I wonder if Dedera confirmed that with Rhodes, and I wish it were a quotation so that we might know whether Rhodes had, at the beginning, thought it was a saucer. The Mokler news story is at odds with Rhodes reported comments in the FBI report on this matter.

“A week after the pictures were published, Rhodes was visited by an FBI Agent and an intelligence officer from Hamilton Field, Calif. The officers questioned Rhodes closely. They asked if Rhodes would give up the pictures, for air corps evaluation. Rhodes voluntarily handed over the pictures.”

This is the first indication Rhodes knew one of the agents — Fugate — was Army Air Forces and that he was sent by Hamilton Field. However, it was nearly two months after the sighting that Brower and Fugate interviewed him, not a week later.

“A month later Rhodes asked for the return of the photographs.
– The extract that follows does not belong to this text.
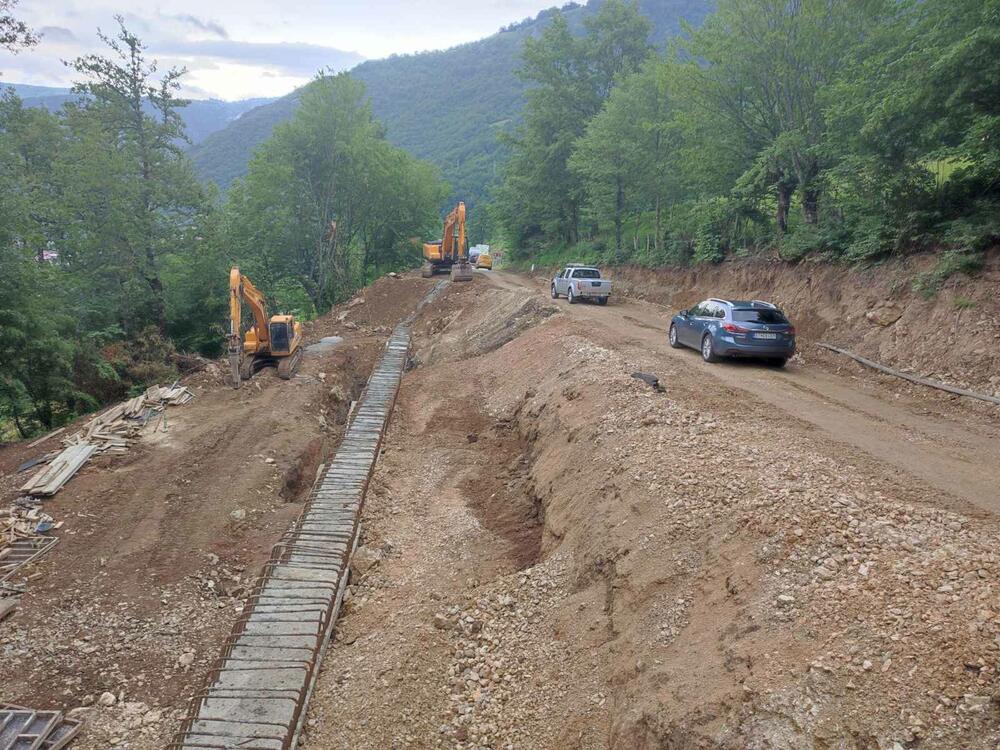 <p>Pivljani su goste tokom prošle ljetnje sezone “dočekali” i “ispratili” sa klizištem koje nije bezbjedno za učesnike u saobraćaju, a tako će, ubijeđeni su mještani, kao i predsjednik Opštine Plužine, biti i ovog ljeta</p>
A letter from Washington informed him the pictures could not be returned.”

“Washington”…FBI or Pentagon?

“About a half-year later, in early 1948 Rhodes was asked to come to Wright-Patterson Field, Dayton, Ohio, for an interview.”

Okay. We have something that can be dated. Colonel McCoy in his letter to Rhodes, date stamped May 26, 1948, inquired if Rhodes could travel to Wright Field for an interview. “Soon two representatives of technical intelligence division, Air Material Command, came to Rhodes home.”

That would be Loedding and Beam, but they date their visit between May 6 and 8 and McCoy’s letter of the 26th refers to their visit. Rhodes…said that was the last of his dealings with the case of the unidentified flying object.”

Not quite. Rhodes does not refer to his own investigation and the information concerning other photos of the object in possession of Lewis Larmore, which was the subject of his correspondence with McCoy, and a matter he brought up during his interview by Loedding and Beam…but then, McCoy had applied the Espionage Act on that matter. There is no evidence Rhodes mentioned it to anyone except authorized persons. Dedera’s story makes narrative sense, but is disordered against the actual chronology. There is information that Rhodes did not share (Larmore), and we do not know whether the chronological mistakes were made by Dedera or whether he reported accurately what Rhodes said to him. We do not learn if Rhodes had actually received his negatives in 1954 from the USAF. If Rhodes inquired about his negatives a “month” after the Brower and Fugate interview, that would be early October. There is no record of it in either Blue Book or the FBI files released to the public. According the the Phoenix FBI office, Rhodes inquired about them in April, 1952. In July of 1952, in an column by Weld Coxe in the Arizona Republic:

“Rhodes called attention to his last meeting with flying saucers on July 9 [sic], 1947…his negatives were later borrowed by the FBI and never returned, Rhodes said.”

This is a direct attribution with no mention of the USAF having them, but six years later in the Dedera column, Rhodes knew they had been given to the “air corps”, Hamilton Field.

Although we can correct Dedera’s narrative by the chronology of PBB’s and the FBI’s files, I am wondering about that “a week after the photos had been published”. Considering the USAF’s concern about the photos being published, I have to wonder why no one suggested to the managing editor of the Arizona Republic that he not publish the story, or if the negatives were so important, why the air force didn’t obtain them from the Arizona Republic or from Rhodes on July 8 when they had them in their possession at Williams Field, if that was the case, or at the Arizona Republic…wherever it was “officers from Williams Field” studied them. If some in the air force thought it was an oversight to be corrected, would it have taken several months for them to figure that out? And if so, does that explain why Fugate showed up at the Phoenix FBI office one day after — August 29 — Lt Col Springer had requested a joint investigation for after the Labor Day weekend — September 2?